Despite the Fed’s bold and timely moves, the U.S. economy overall has at best entered a period of slow growth, and may be teetering on the edge of recession if one is not already at hand. Two major sectors of the economy – housing and financial markets – are in severe recession, and it is unclear that the other elements of the economy, especially business investment and the health care and net trade sectors will be sufficient to stave off an actual overall contraction.

While the underlying fundamentals of the economy strongly suggest that it will recover and return to robust growth, the length and depth of this period of weakness is unclear, and will depend significantly on the actions of the Federal Reserve in the days and weeks ahead.

To date, the Fed is to be commended innovative actions to keep financial markets operating in very difficult circumstances. A good example is the Fed’s husbanding over the weekend of the sale of the investment firm Bear Stearns to J.P. Morgan. In this event the Fed properly used it powers to fold an investment bank whose weakness posed a potential risk to the financial system. In a further move that was not as widely commented upon, the Fed also established a new Primary Dealer Credit Facility that will allow it to directly offer liquidity assistance to certain investment banks that were not previously eligible for it. This move signals the Fed’s determination to strengthen certain investment banks and avoid a potential panic about the overall condition of the financial system.

The shift in roles at the Fed is important. In more normal times, the Fed would with changes in the Fed Funds rate content itself assuring the financial system has sufficient liquidity to work through its troubles. More recently, the Fed has ensured that specific troubled markets, such as those for commercial paper or mortgage backed securities, had sufficient liquidity. In the Bear transaction, the Fed acted to ensure that a major institution had sufficient liquidity and temporary capital to stay in business until it could be closed in an orderly manner. Operations involving capital are very different in mode and consequence from those involving liquidity. In the Bear case, the sale to J.P. Morgan wiped out the firm’s equity, but without the Fed’s intervention, the outcome could have been even worse for the financial system as a whole.

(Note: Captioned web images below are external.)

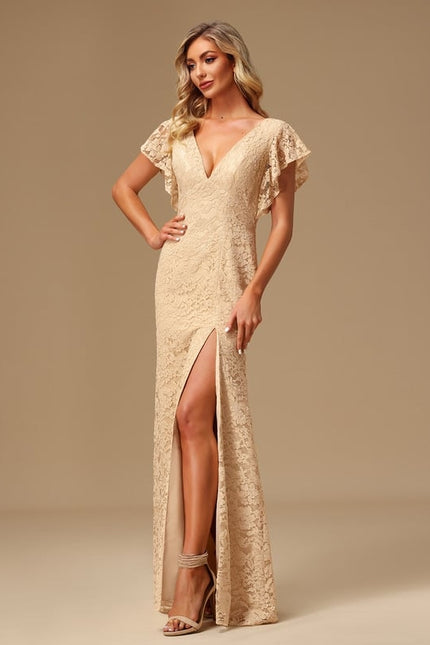 Robe Trapèze Dentelle Lavande - gallery 2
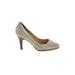 Cole Haan Heels: Slip On Stilleto Cocktail Party Ivory Shoes - Women's Size 9 1/2 - Almond Toe
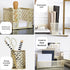 Gold Desk Accessories for Women Office, 6 Piece Gold Desk Set, Office Supplies Gold Organizer - Office Organization Set
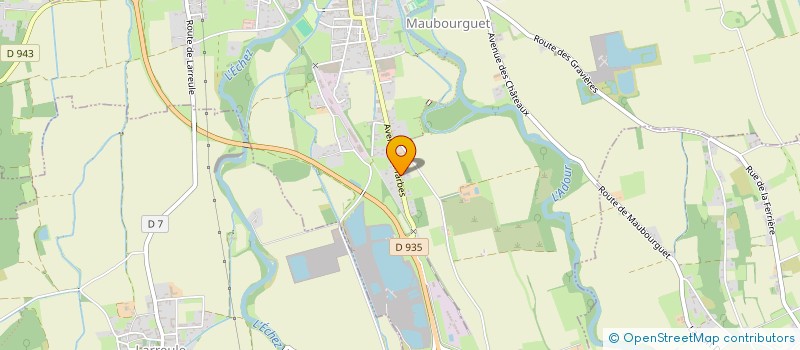 localisation de l'entreprise TEAM RENAUD SPORT  MAUBOURGUET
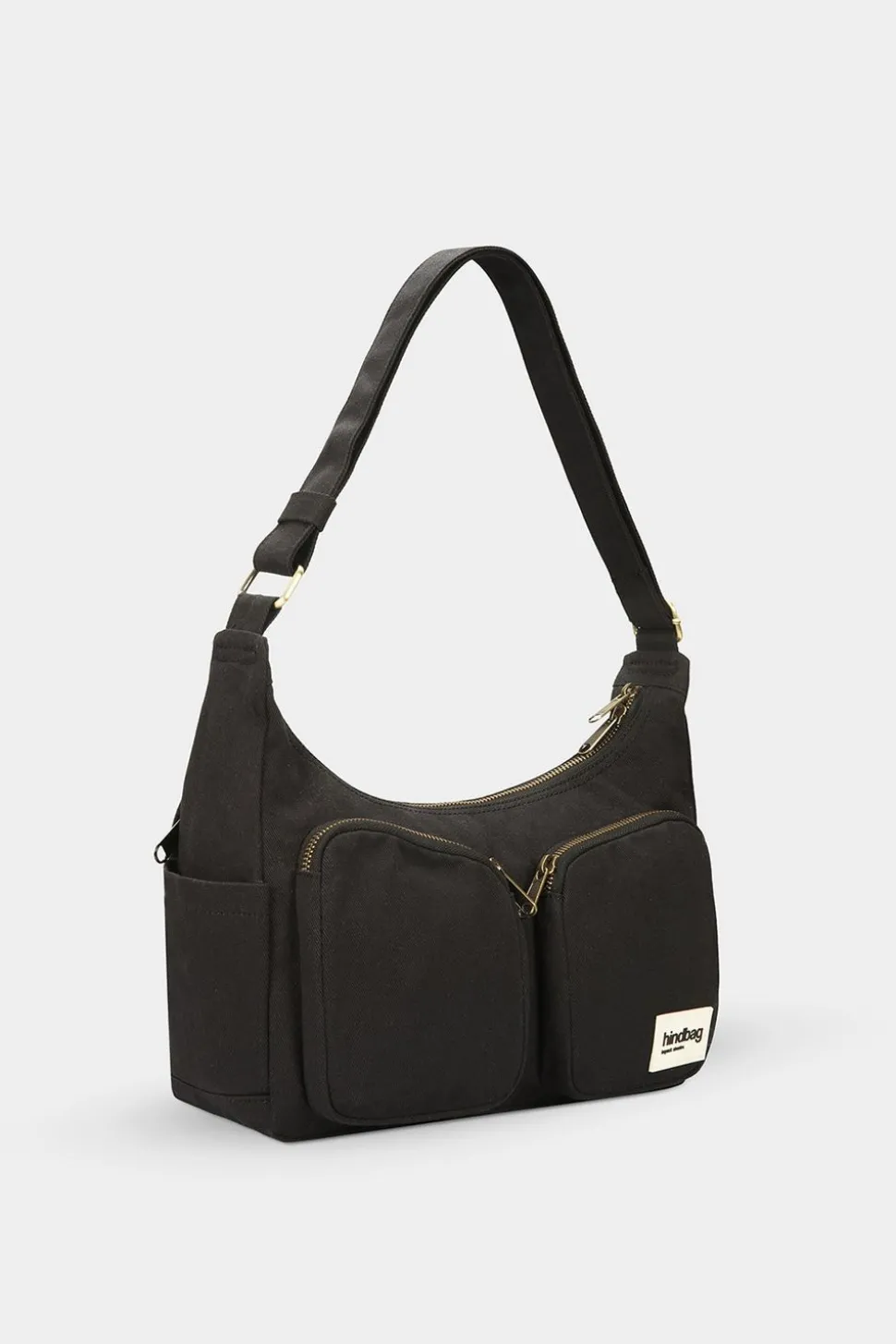 Sac multipocket en coton bio | noir "emile noir" - noir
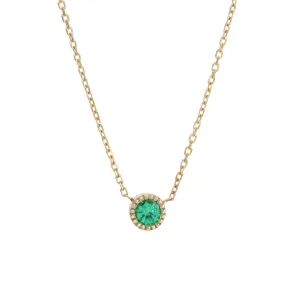 Magic Eye Emerald Necklace (ready to ship option)*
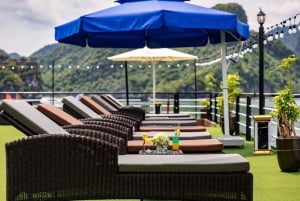 Cruzeiro Doris 5* de 2/3 dias em Halong e Baía de Lan Ha com varanda e banheira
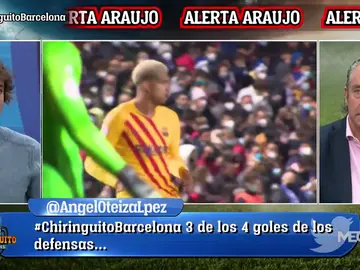 Darío Montero: "Hay cierta preocupación en el Barcelona por la renovación de Araujo" Darío Montero: "Hay cierta preocupación en el Barcelona por la renovación de Araujo"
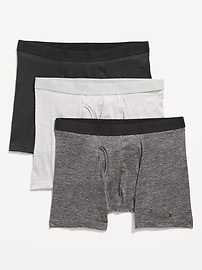 Image number 1 showing, Go-Dry Cool Performance Boxer-Brief Underwear 3-Pack -- 5-inch inseam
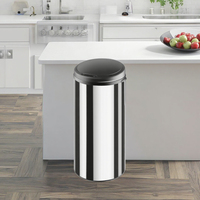 Poubelle intelligente à capteur à induction, très vendue en Europe, 30 L, en acier inoxydable avec couvercle, pour usage intérieur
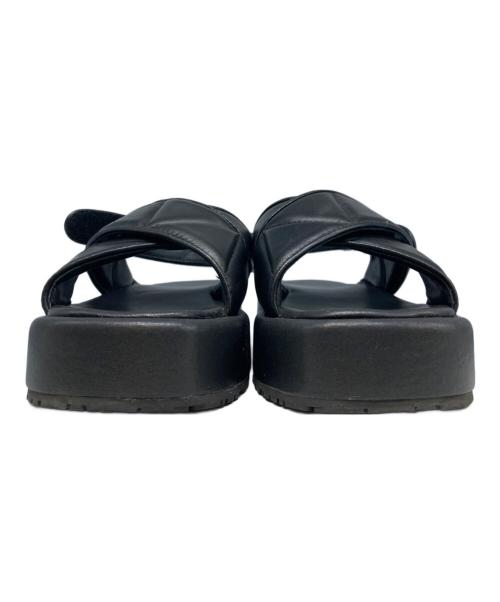 STACCATO（スタッカート）STACCATO (スタッカート) ラップサンダル ブラック サイズ:24cmの古着・服飾アイテム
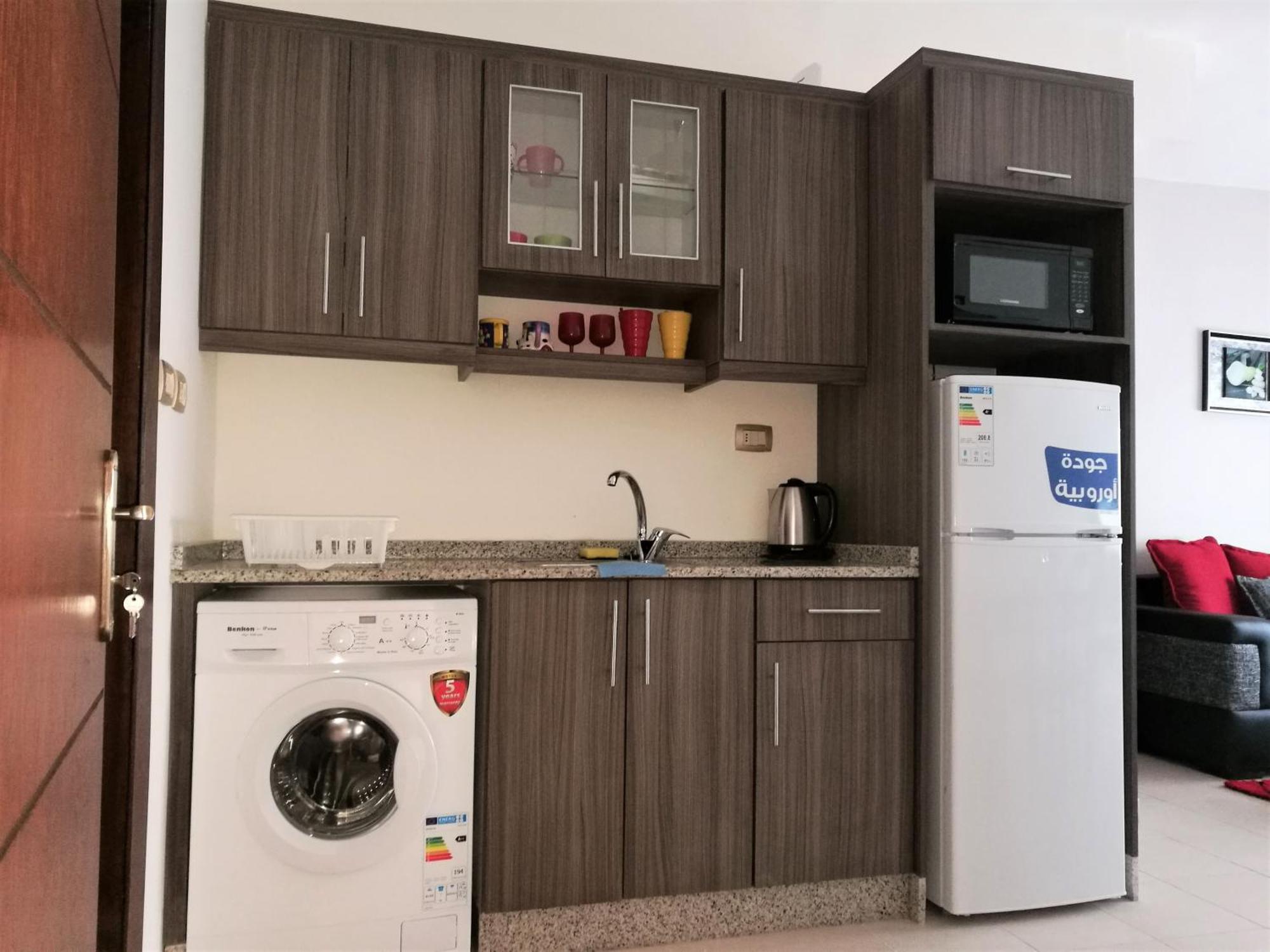 Dair Ghbar Gate Apartments Amman Oda fotoğraf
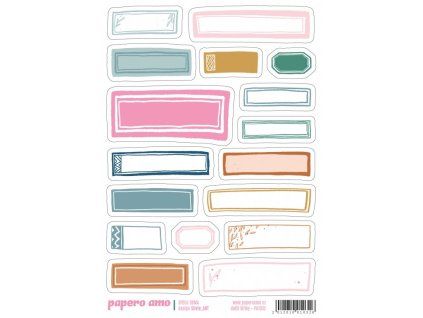 Papero amo - Samolepky arch - SPOLU DOMA / Další štítky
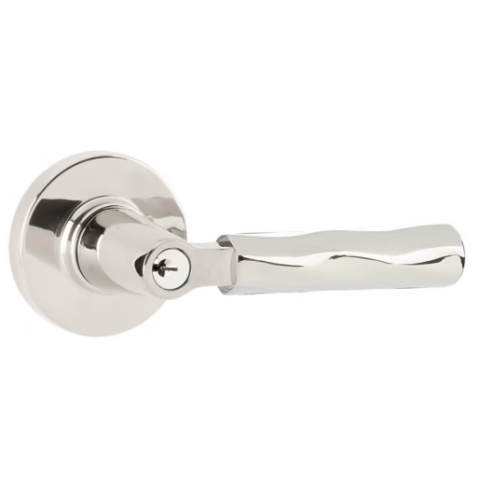 Emtek Select Tribeca 5115TR Keyed Entry Door Lever Set with L-Square Stem Polished Chrome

The great uncertainty in the coming days will be whether those firms that find themselves in similar straits as Bear Stearns, and there will likely be such firms, can find similar White Knights in time. And this, in turn, will depend on whether the Fed can find sufficient pools of unencumbered private capital. If so, then the current slowdown in the economy will pass painfully, but fairly briefly. If not…

The Fed has a second task before it, however, that may be at least as difficult, and once again a recession hangs in the balance. In recent months the Fed and other major central banks across the globe have acted aggressively to increase liquidity in the financial markets. This has created a risk of rapidly rising inflation and inflationary expectations. The world’s central banks will need to act aggressively, and likely sooner than they would otherwise like, to begin to drain this liquidity quickly at a measured pace. This will be a very dicey business, because if it acts too slowly, then higher inflation will take hold; but if it acts too aggressively, it will trigger a classic recession.